On appeal from the Superior Court of New Jersey, Law Division, Camden County, L-8205-98.

Before Judges King, R. B. Coleman and Holston, Jr.

The opinion of the court was delivered by: Coleman, R. B., J.A.D.


Submitted October 14, 2004

Defendant Greg Kuni*fn1 appeals from a portion of an order dated September 12, 2003. That order granted defendant's motion to vacate a May 30, 2000 default judgment but it denied defendant's request to vacate the underlying default which was entered while defendant was serving in the United States Marine Corp. We hold that default should have been vacated under the New Jersey Soldiers' and Sailors' Civil Relief Act, N.J.S.A. 38:23C-1 to -26, and under the Federal Soldiers' and Sailors' Civil Act of 1940, 50 U.S.C.A. App. § 500 et seq.*fn2 Accordingly, we reverse and remand.

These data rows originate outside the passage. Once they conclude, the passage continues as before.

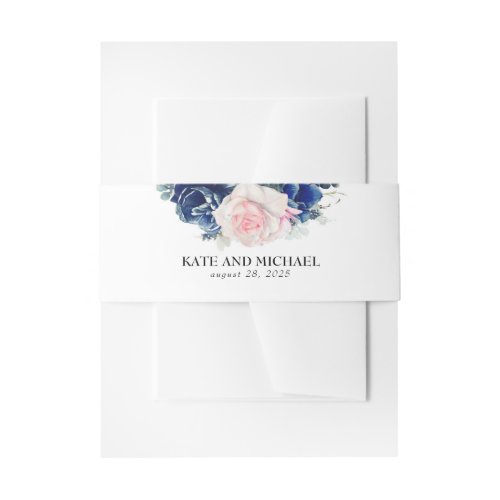Pink And Navy Blue Floral Wedding Invitation Belly Band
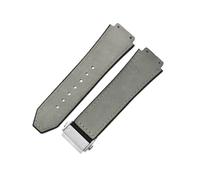 ROUREOX Correa Reloj 26mm Piel Pulsera Caucho 19mm Terminal Convexo Brazalete Repuesto Cierre Desplegable Metal para HUBLOT Big Bang-C2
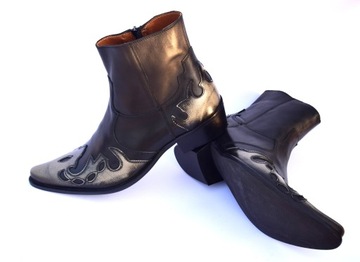 ЧЕРНЫЕ МУЖСКИЕ КОЖАНЫЕ КОВБОЙСКИЕ БОТИНКИ НА МОЛНИИ WEST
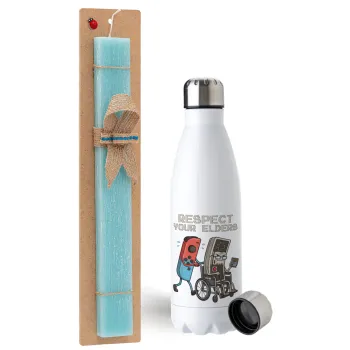 Respect your Elders, Easter Set, metallic stainless steel water bottle (750ml) & aromatic flat Easter candle (30cm) (TURQUOISE)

On October 25, 1996, defendant and several other individuals were involved in a fight at the premises of defendant Alden Café in Maple Shade, Burlington County. At that time, Kuni was stationed in Dover, New Jersey. Shortly before the two year anniversary of that event, on October 22, 1998, plaintiffs James Bernhardt and Paul Smith commenced a civil action, seeking to recover damages for injuries they allegedly sustained. By then Kuni had been deployed to Okinawa, Japan. Plaintiffs' summons and complaint were served on Kuni a year later on November 3, 1999, by delivering a copy at the Office of the Staff Judge Advocate at Camp LeJeune, North Carolina. Defendant received those documents but did not file an answer or otherwise appear in the civil action in New Jersey. Instead, he directed a letter to plaintiffs' counsel, stating that the matter [.arrowhorizex] apparently referring to the mutually filed disorderly persons complaints in municipal court [.arrowhorizex] had already been settled. In that letter, defendant further stated that he had acted in self defense and that he would resist any suit. He closed by stating that he would wait for further instructions from plaintiffs' counsel or the court.

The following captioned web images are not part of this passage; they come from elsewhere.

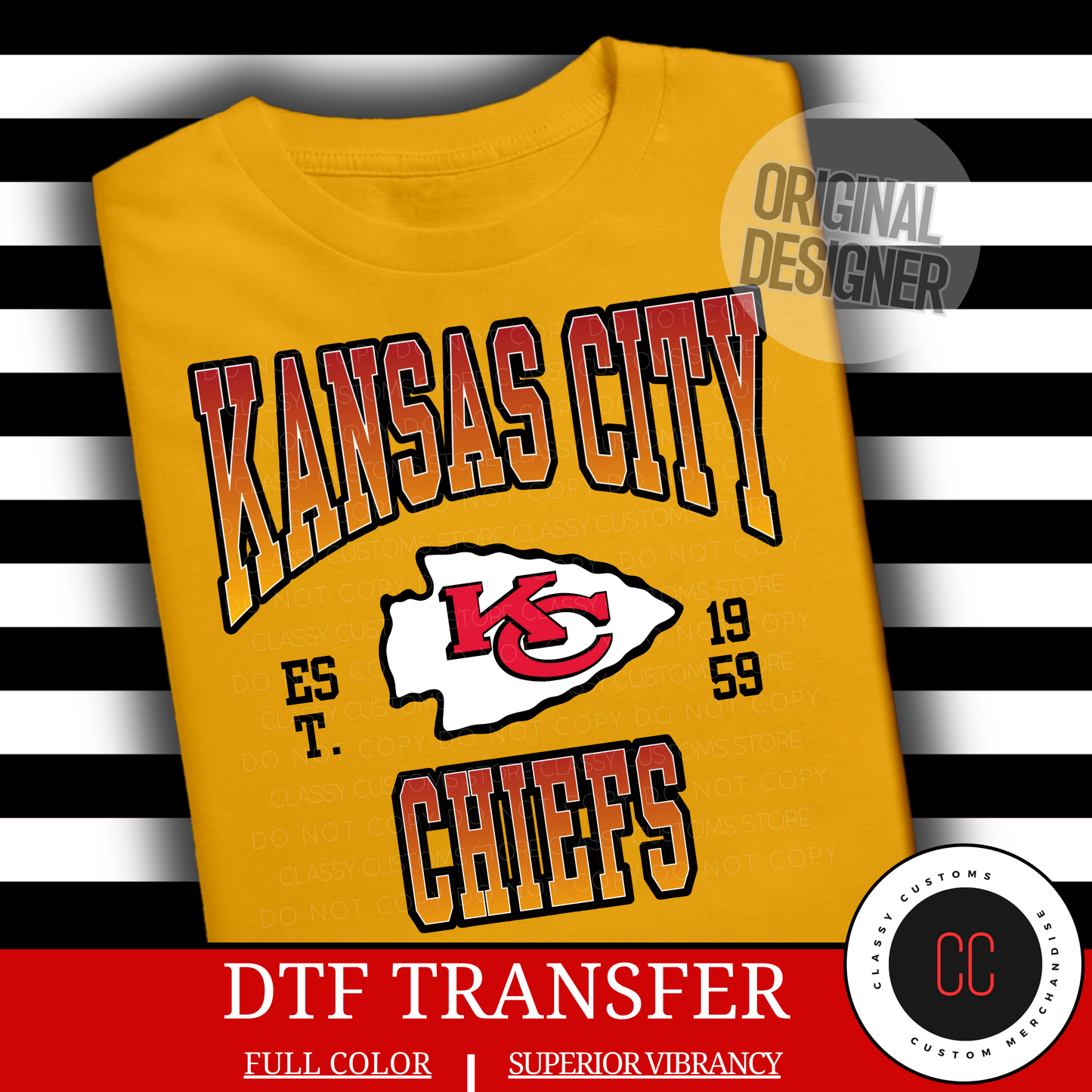 KC Football Ombre DTF Transfer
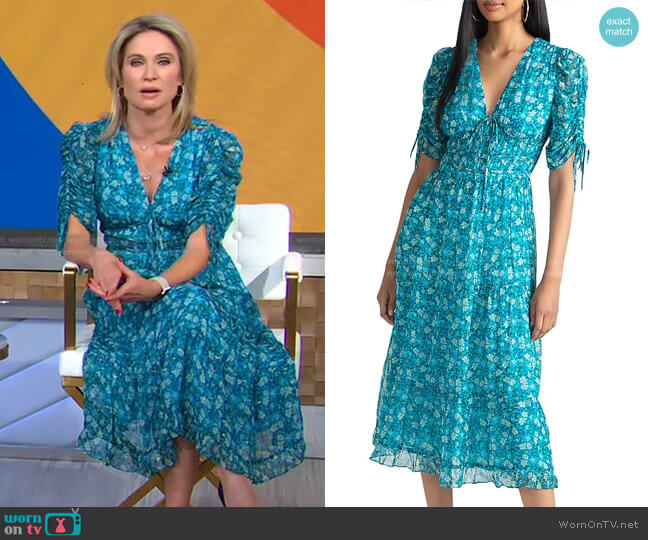 Shoshanna Danli Floral Chiffon Midi Dress worn by Amy Robach on Good Morning America
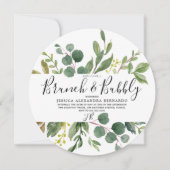 グリーンモダンリーフブライダルシャワーブランチ&バブリー 招待状 (正面)
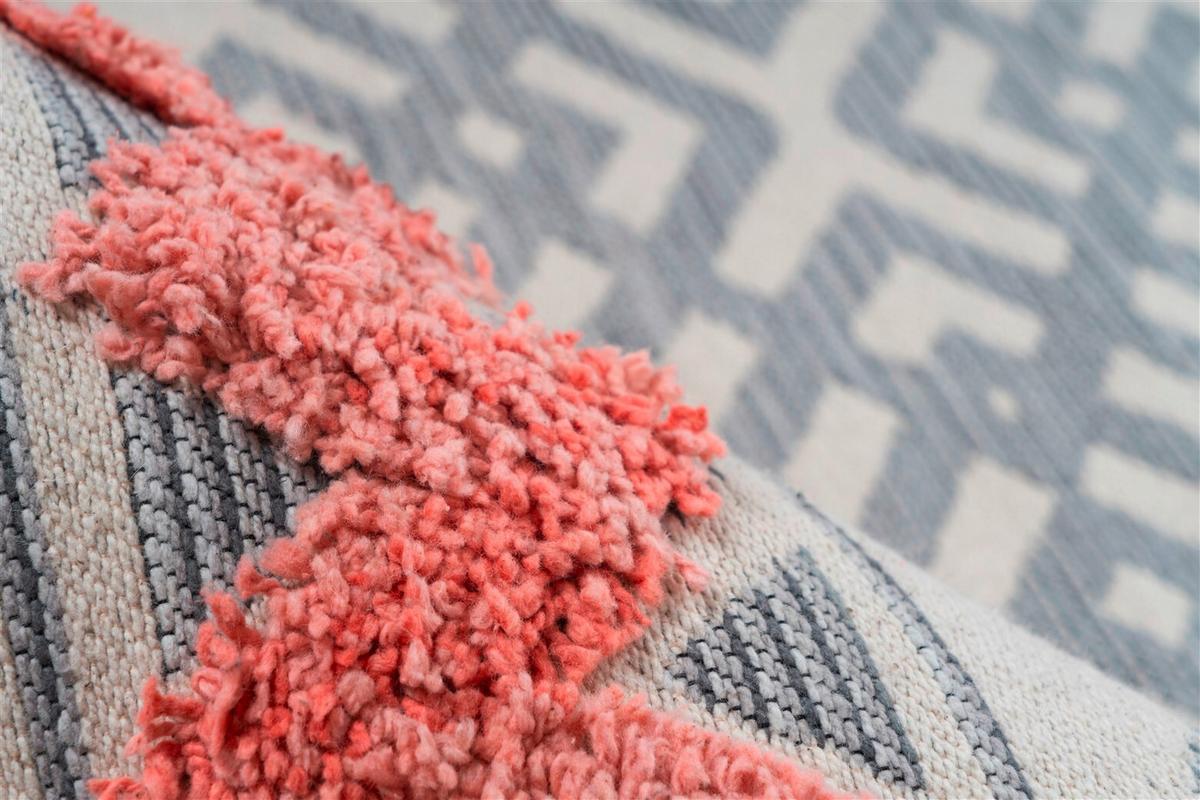 Flachwebteppich Grau, Koralle, ca. 160x230 cm - Koralle/Grau, Design, Textil (160/230cm) - Kayoom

On December 22, 1999, plaintiffs sent another letter to Kuni informing him that he had failed to answer the complaint by the deadline and requesting that he provide information about his parents' homeowners' insurance. That correspondence was sent to the address on the stationery that defendant had utilized in his letter to plaintiffs' counsel rather than to the place where service of process had been made, the office of the Staff Judge Advocate. Defendant denies that he ever received the letter. Defendant was stationed in California in January 2000.

On May 26, 2000, plaintiffs requested entry of default. The certification of counsel submitted in support stated erroneously that defendant was still stationed at Camp LeJeune, North Carolina. The certification also mistakenly asserted that defendant did not fall under the Soldiers' and Sailors' Relief Act. Again, defendant states he never received this mailing. He was deployed in Greece from May through June 2000.

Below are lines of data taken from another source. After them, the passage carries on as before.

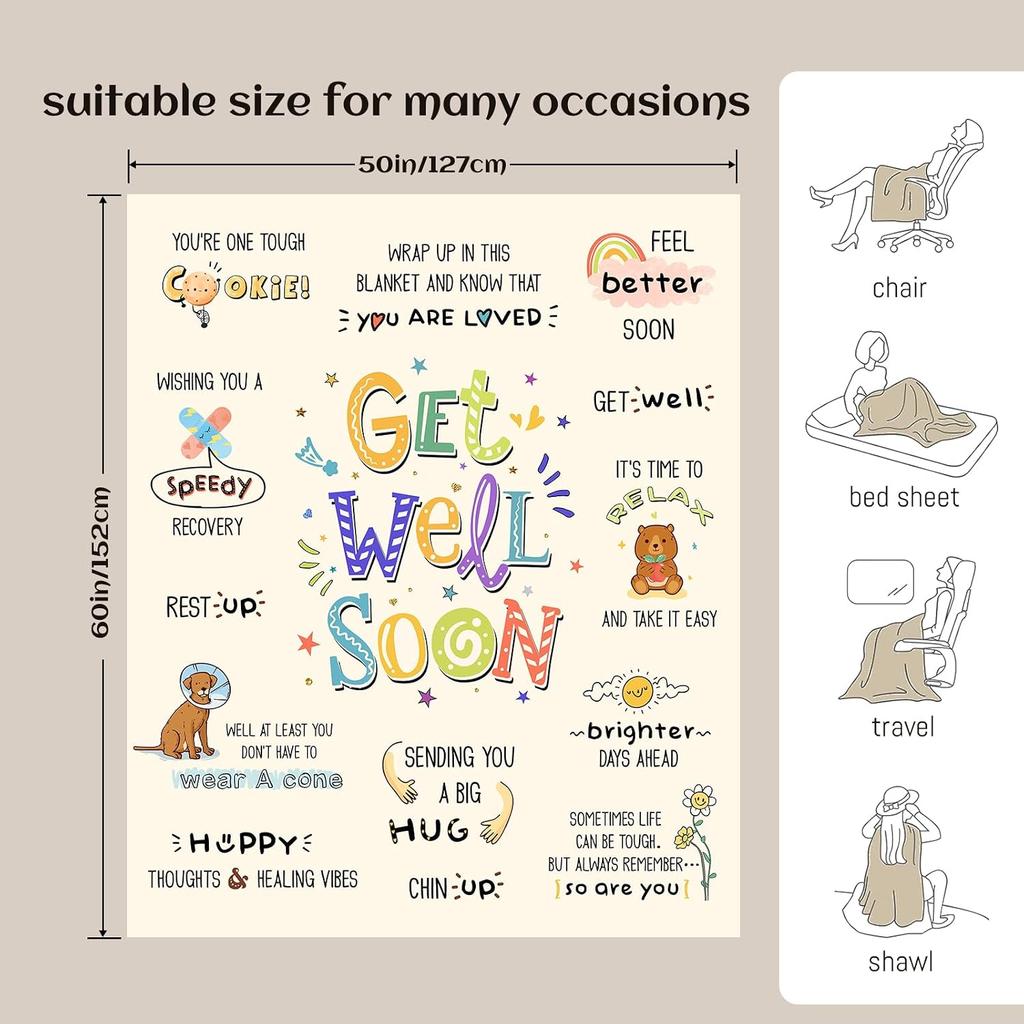 Get Well Soon Flannel Throw Blanket Inspirational Healing Quotes Cute Cartoon Gift Blanket For Sick Friends Family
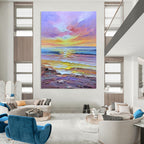 Dreamy Colorful Seaside Sunset Abstract Painting for Relaxing Spaces HENG261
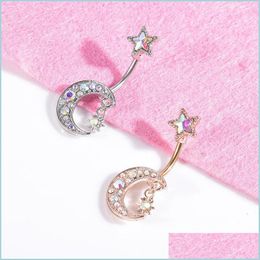 Autres Voir la photo 1pc sexy étoile lune nombril anneaux de nombril piercing cristal acier femme bijoux de corps haltère femmes accessoires C3 goutte Dhdft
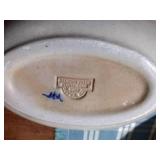 7 pcs pottery: 1989 Rowe Salt Glazed lamp; Williamsburg creamer & 1992 vase;  2-2002 oval baking dishes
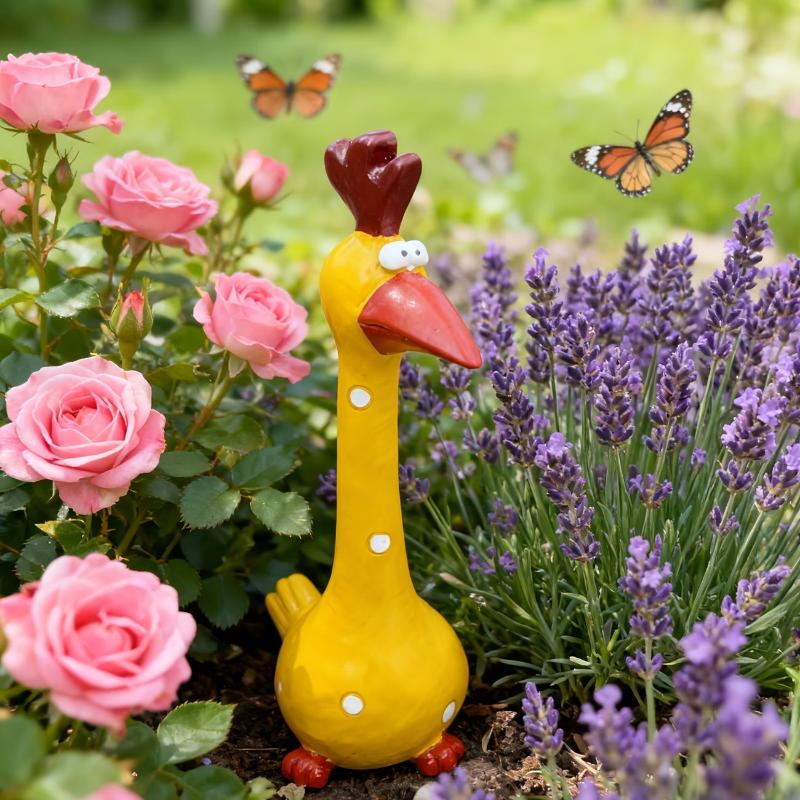 Whimsical Polka Dot Rooster Statue Resin Animals Collectible Figurines Indoor Outdoor Garden Decor Gift Expressing Healing Joy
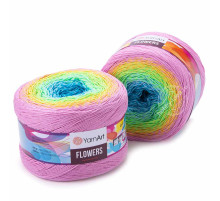 YarnArt Flowers 312 Голубой Зелёный Розовый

On August 3, 2000, counsel for plaintiffs sent another letter to Kuni's letterhead address at Camp LeJeune to advise Kuni of the entry of default and that the matter would be coming up for trial in the next few months. Kuni denies having received the letter. He was deployed to California for training exercises in August 2000 and on his return from California in September 2000, his permanent place of duty was transferred from Camp LeJeune, North Carolina, to Yorktown, Virginia.

On November 10, 2000, counsel for plaintiffs prepared a certification in support of their request that judgment by default be entered against defendant. That certification indicated that counsel had contacted the JAG/DSN office and was told that defendant had not been on active duty and did not fall under the Soldiers' and Sailors' Relief Act. The certification indicated further that plaintiffs were advised that defendant could be contacted through the civil service processor or his base. Plaintiffs certified that they had been in touch with the civil service processor and were assured that defendant was receiving his correspondence. Finally, the certification disclosed that plaintiffs had settled with all the remaining defendants and that a stipulation of dismissal was circulating. The settlements with those defendants were for de minimus amounts.

On December 7, 2000, default judgment was entered against Kuni for $37,500 plus $4,091.60 in prejudgment interest and $180 in costs. On December 11, 2000, plaintiffs sent a letter to defendant at the Camp LeJeune address to inform him of the default judgment. Defendant stated he never received the letter. However, in January 2003, defendant did receive a Notice of Filing of Foreign Judgment from the court of York County in Virginia. He retained counsel and, on February 15, 2003, before being deployed to Spain, he executed a certification in support of a motion that was filed in Burlington County, New Jersey, on April 12, 2003 to vacate the default and default judgment. Plaintiffs opposed the requested relief, and the judge before whom the motion was originally returnable for oral argument requested that plaintiffs submit proof within ten days showing that defendant was given notice of the default judgment. In response, plaintiffs submitted a copy of the December 11, 2000 letter they had sent to Kuni at the Camp LeJeune address while he was stationed in Virginia. No affidavit or certification as to the mailing nor indication of a receipt or return of the certified mailing was provided in support. The motion was thereafter transferred to the judge who had earlier entered the default judgment. That judge heard oral argument on September 12, 2003, vacated the default judgment, and ordered a proof hearing on the issue of damages only. The judge stated his belief that the Soldiers' and Sailors' Act did not apply to causes of action that arise when the person is already in the military. The judge commented that defendant was aware of the civil action but had simply"sat on his duff." He declined to vacate the default.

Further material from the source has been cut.